Il giorno che sarei dovuta essere dimessa, mi sono messa a svuotare i cassetti riempiti da mesi di necessità e capricci. Però i vestiti non sono riuscita a metterli in borsa, alcuni troppo pesanti, altri irraggiungibili.
Ho la cerniera della felpa da chiudere, vedo passare una oss (che qualche anno fa mi fece incontrare sua figlia, appena arrivata dalla madrepatria - il Perù - per studiare: nel frattempo si è laureata e fidanzata) e le chiedo il favore.
Lei vede che sto impacchettando.
Le spiego che mi porto avanti, tanto poi, nel pomeriggio, arriveranno a prendermi e penseranno loro a ultimare il trasloco.
Passano cinque minuti e mentre annaspo con la testa nel cassetto delle meraviglie, mi si para davanti nuovamente questa signora: "Allora, che devo fare, dimmi tutto". Mi sono un po' commossa, dentro.
Arrivano i miei e inizio il giro dei saluti. Dura tre ore.
Sono alla fine, sto quasi per prendere l'ascensore e vedo un'amica infermiera e la caposala dentro una camera lì a fianco. Penso di salutarle ancora, ma vedo che sono impegnate.
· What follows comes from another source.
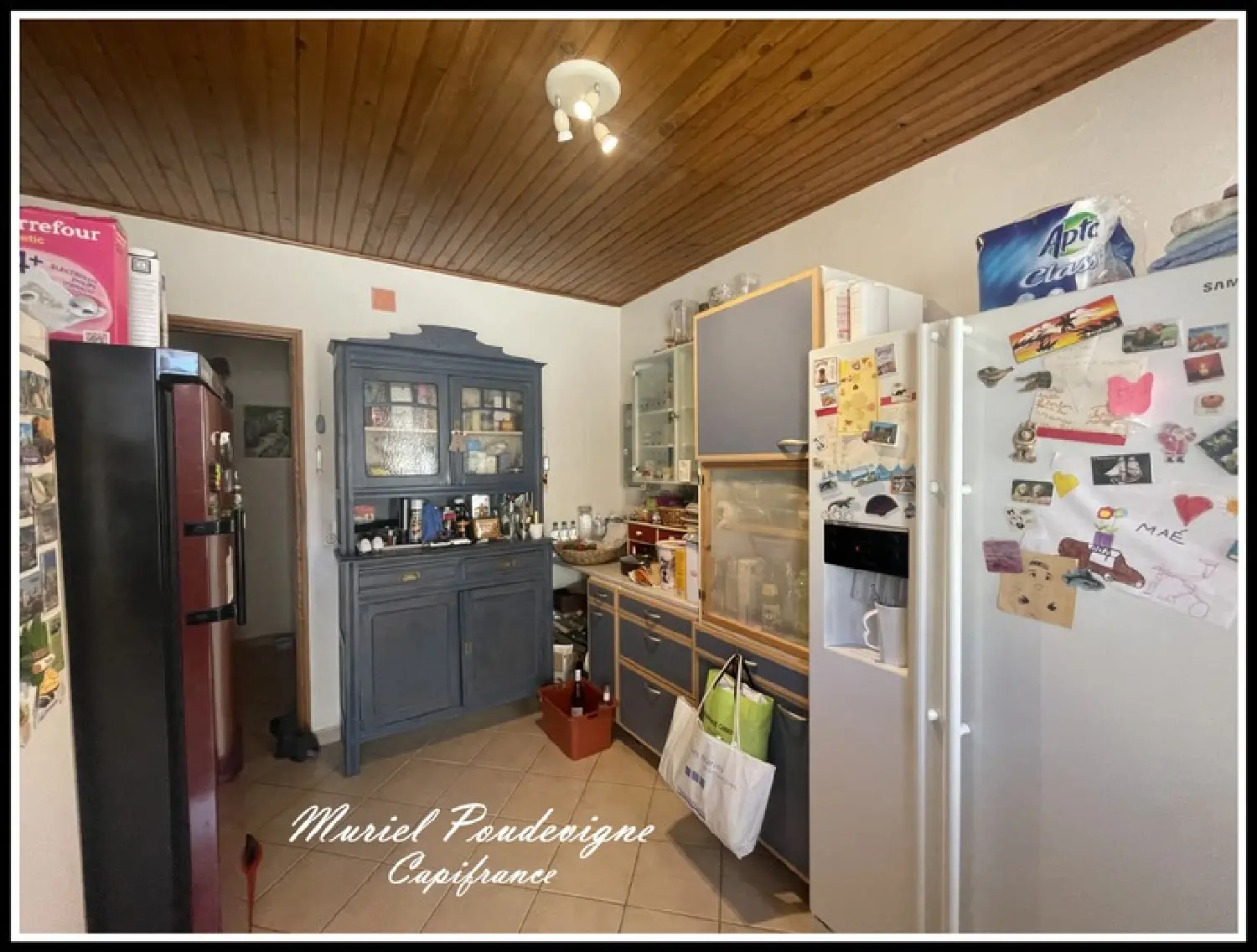  te koop huis Uchaux Vaucluse 7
Escono loro e una carrozzina basculante, quelle carrozzine mezze sdraiate che tutti - tranne me - usano dopo intervento o lungo riposo a letto. Vedo una testa ricciolina, è quella di un bambino. Urla, piagnucolando, qualcosa. Ma non capisco.
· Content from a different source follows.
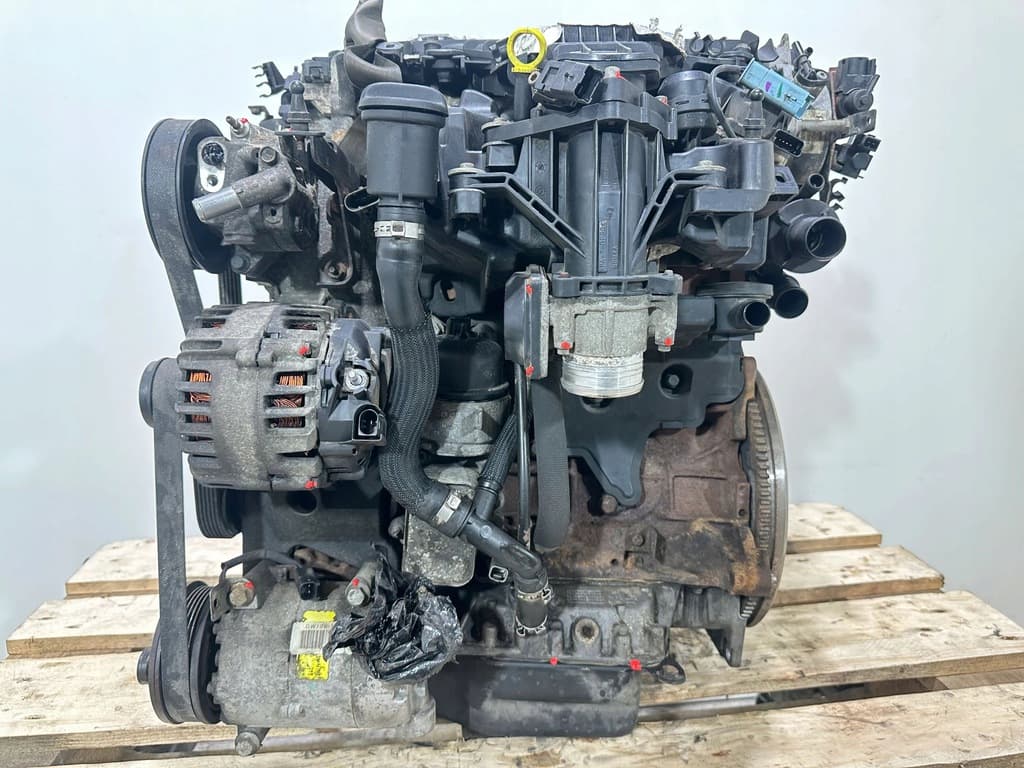 Moteur TXBA pour Ford Mondeo 2.0 Diesel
La caposala, che mi dava le spalle, si gira: sento la sua voce un po' spezzata dire: "Dice che vuole andare a casa sua...".
Entro in ascensore senza ulteriori indugi.
E col magone torno a casa.
3 commenti:
non far passare troppo tempo ancora per il prossimo post....!!!!
Questa poi. Chi mi avesse detto mi sarei commosso perché vedo rinascere il tuo blog...
Ho trovato per caso questo blog...bellissimo perché non scrivi più?